Faculty in Residence: Here to help

Butler students sit in Catherine Pangan’s apartment of Fairview House. Photo courtesy of Catherine Pangan. 

CALVIN PRENKERT | STAFF REPORTER | Cprenker@butler.edu

Floating paper boats down the flooded basement of Ross Hall, watching his son ride along the hallway on roller skates in an inflatable T-Rex costume, and playing card games like “Exploding Kittens” or “What Do You Meme?” with residents are just some of the things that Mark Rademacher, associate professor of strategic communication, has done as a Faculty in Residence at Butler. 

A FIR is a faculty member who permanently lives in a Butler residence hall with their family, and provides academic and recreational programming for students in their hall, living learning community or unit. The Rademacher’s are one of nine FIRs on Butler’s campus.

Rademacher lives with his wife Dusty and sons, Reid and Arlo, on the fourth floor of Irvington House. While they are entering their fourth year as a FIR family, their roots in a residential living environment run deep, as the couple initially met as residential assistants at the University of Tennessee. 

“We want to help humanize faculty members to first years, to let you know that we’re here to support students and not be a pain in your butt,” Rademacher said. 

Rademacher also said he hopes that it will help students interact with faculty members and be open when communicating about what they need. 

AJ Hessburg, a first-year international studies major who lives in the same hallway as the Rademacher’s, feels their presence in positive ways. 

“I think that having a faculty in residence has brought us together more as a unit,” Hessburg said. “Having their family here makes it feel a bit more like home.”

Catherine Pangan, associate professor of education, is a 12-year veteran of the FIR program. She lives in Fairview House with her husband Roland and two children, Hudson and Violet. She learned about the program from other FIRs who recommended her for the program.

“It has just gone beyond my wildest dreams of student engagement and just that connection with students that helps bridge the academics with the residential experience,” Pangan said.

Even for those who aren’t in their first year, like the sophomores living in Fairview, Pangan believes the program is still equally beneficial. 

“Sophomores have a unique developmental level,” Pangan said. “They understand campus and feel comfortable on campus but still really like that touch point, and people who like to hang out with faculty in residence families continue to take advantage of that.”

For Rademacher, the experience has helped him transform the way he teaches and supports students within the classroom. 

“It has really helped me evolve as an educator to be better aware of and responsive to the various demands students face and the various challenges they face,” Rademacher said.

By utilizing different types of programming, such as camping retreats, attending Butler cultural requirement events, doing yoga on the mall and eating meals together, FIRs can give students an opportunity to have a strong support system while also allowing them to become more comfortable communicating with faculty and staff.

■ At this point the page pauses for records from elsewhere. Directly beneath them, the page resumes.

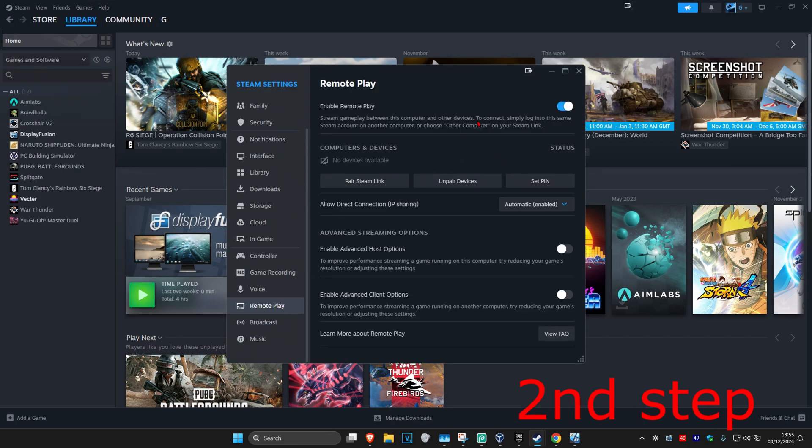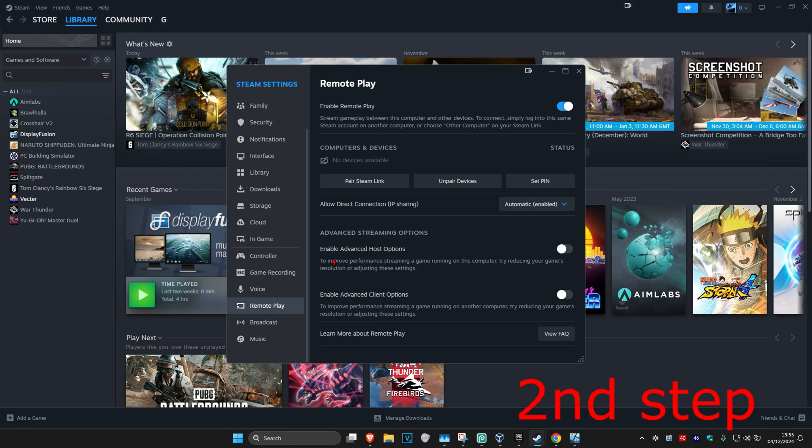Now once you're here, make sure you have Enable Remote Play turned on. Make sure you have Allow Direct Connection to Automatic, and then you want to Enable Host Options.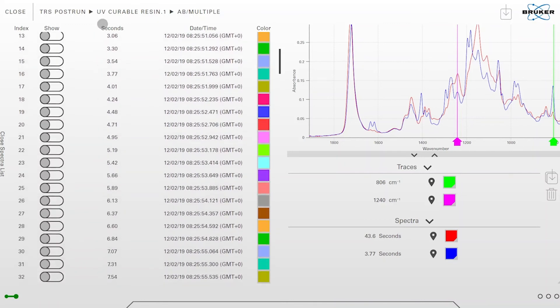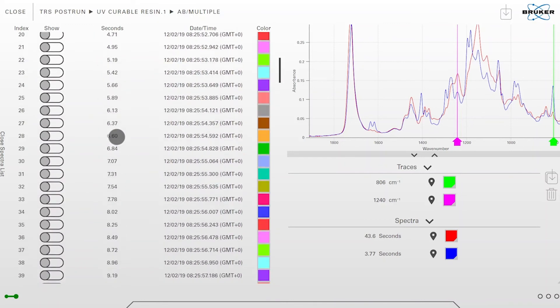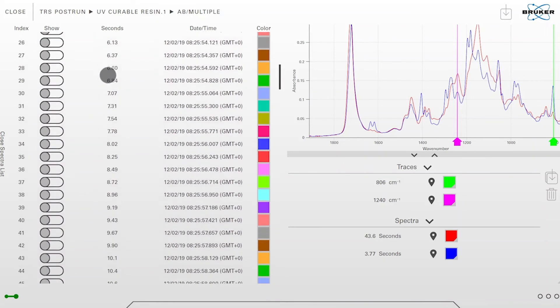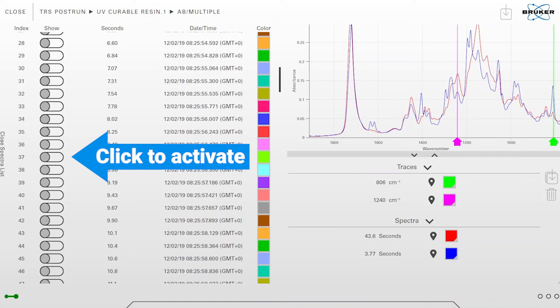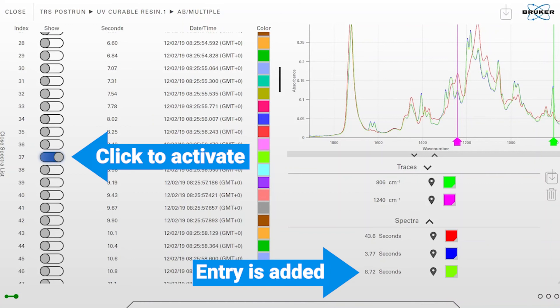And activate specific values, so for example I'm interested in the spectra which was measured at 8.72 seconds. I can activate it via the slider and it's automatically been added in the view at the upper right corner.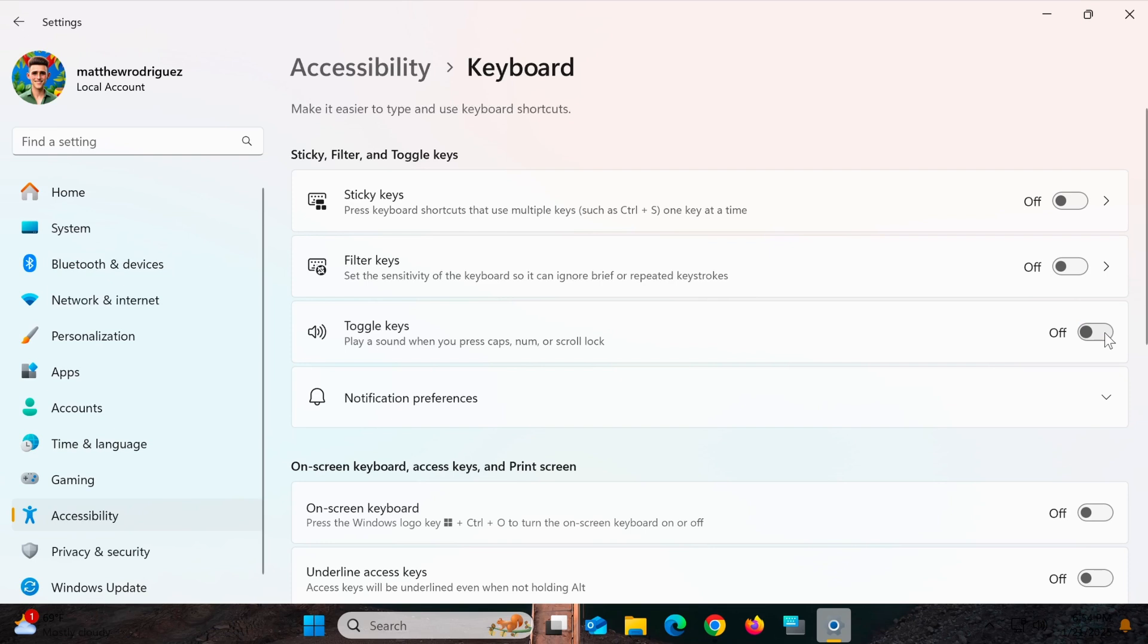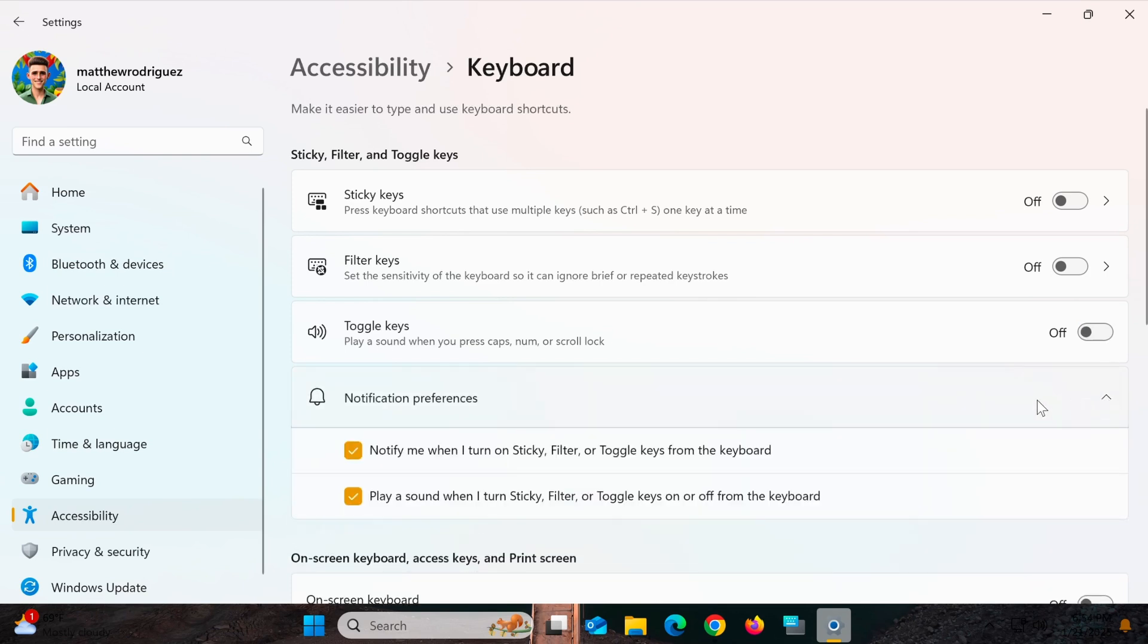To disable it, simply toggle the switch to the off position. In the Notification Preferences section, uncheck the two options below and you're done.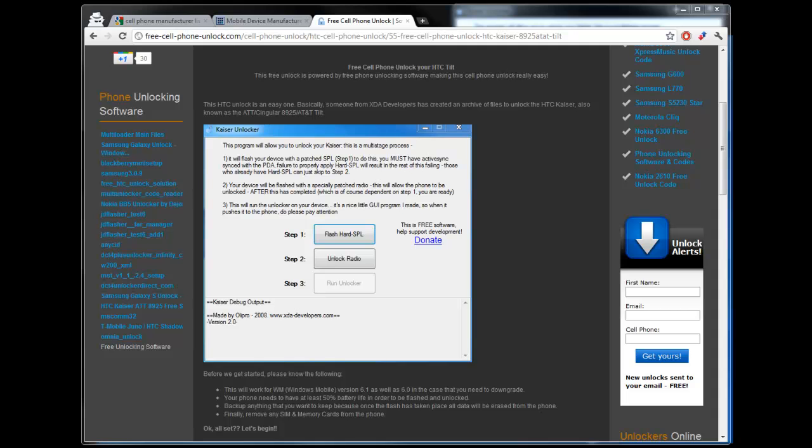This is a pretty simple software unlock that you can perform at home. All you need is a USB cable, this software that you can download from my website for free, and about five minutes or less of your time.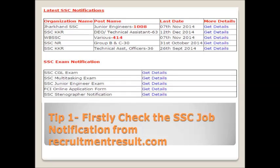Tip 1: The candidate should first check the SSC job notification from RecruitmentResult.com.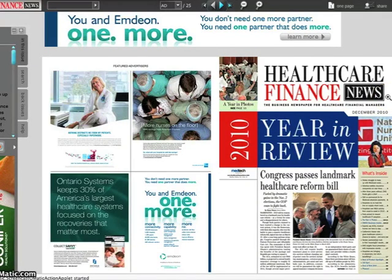Welcome to the new digital edition of Healthcare Finance News. In this short video, I'm going to demonstrate some of the features you can use while reading the issue each month.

Antwain Hunter, assistant professor of history and a FIR in ResCo, has noticed a difference in the way he interacts and teaches students after working for three years as a FIR. Hunter believes students can begin to see and communicate with members of the faculty more comfortably.

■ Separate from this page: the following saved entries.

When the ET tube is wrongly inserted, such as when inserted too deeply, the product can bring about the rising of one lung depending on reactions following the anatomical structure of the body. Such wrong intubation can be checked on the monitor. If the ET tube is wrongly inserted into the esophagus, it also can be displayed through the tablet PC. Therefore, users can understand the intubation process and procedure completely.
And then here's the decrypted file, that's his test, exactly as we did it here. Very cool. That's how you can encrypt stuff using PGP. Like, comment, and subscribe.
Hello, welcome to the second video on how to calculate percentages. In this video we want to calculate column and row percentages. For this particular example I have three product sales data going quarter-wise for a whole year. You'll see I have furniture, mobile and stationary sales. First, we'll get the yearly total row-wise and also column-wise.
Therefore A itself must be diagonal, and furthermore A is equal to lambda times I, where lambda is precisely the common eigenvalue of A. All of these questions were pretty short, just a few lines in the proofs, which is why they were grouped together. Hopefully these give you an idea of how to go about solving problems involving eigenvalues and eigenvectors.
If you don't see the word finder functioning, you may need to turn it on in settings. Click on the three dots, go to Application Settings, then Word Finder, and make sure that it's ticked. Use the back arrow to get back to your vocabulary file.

“It allows students to see faculty in a way where we’re not these stiff academic beings in a classroom,” Hunter said. “Students have planted flowers at my dining room table or they come by to talk to my cat or have snacks, and they’re in my living room so they can see the art I have on my walls and see my decorating style. It bridges the gap between the academic affairs side of things and the students affairs kind of thing; we close that gap and it allows students to see us in a different light.”

Married faculty members, Art Furman, a lecturer in the College of Education, and Sally Click, the dean of students, are currently serving in their second year at Ross Hall. Prior to their decision to become FIRs, the 30 minute commute from their home in Zionsville to Butler was beginning to become tedious. So when the couple heard of a surplus of students needing to be placed at Ross, they jumped on the chance to be FIRs. 

“Getting to take students to a jazz concert, some plays, or some readings and lectures has been rewarding for us, along with the ones who end up going,” Furman said.

While the relationships developed is primarily directed towards serving students and their needs, FIRs acknowledge that the relationship from families to student often becomes mutually beneficial throughout the year, especially with regards to the development of their own children.

“At first I thought I was going to have to be really protective,” Pangan said. “I wasn’t sure what to expect living with college students, but it turned out to be the opposite. The Butler students have always been such strong role models for my kids, and I think my kids are better people because of this experience.”

For Rademacher, living with students has helped give his kids friends to engage with, and he has wonderful memories from those times. Arlo would draw and play games with students. And Reid, who Rademacher called his “shy introverted teen,” enjoys teaching students games. 

Even though the students may only live in the residence hall where the families or faculty members are located for one year, the relationships and investment in their lives can often supersede that year and end up lasting throughout the duration of one’s time on campus. 

“We know so many more people on this campus and get to support so many more students through this role than I would get to touch as a faculty member in one department teaching a certain set of classes,” Rademacher said. “That’s what has been very, very rewarding — seeing students as first years come in and try and find their footing to grow in to campus leaders who are making great choices.”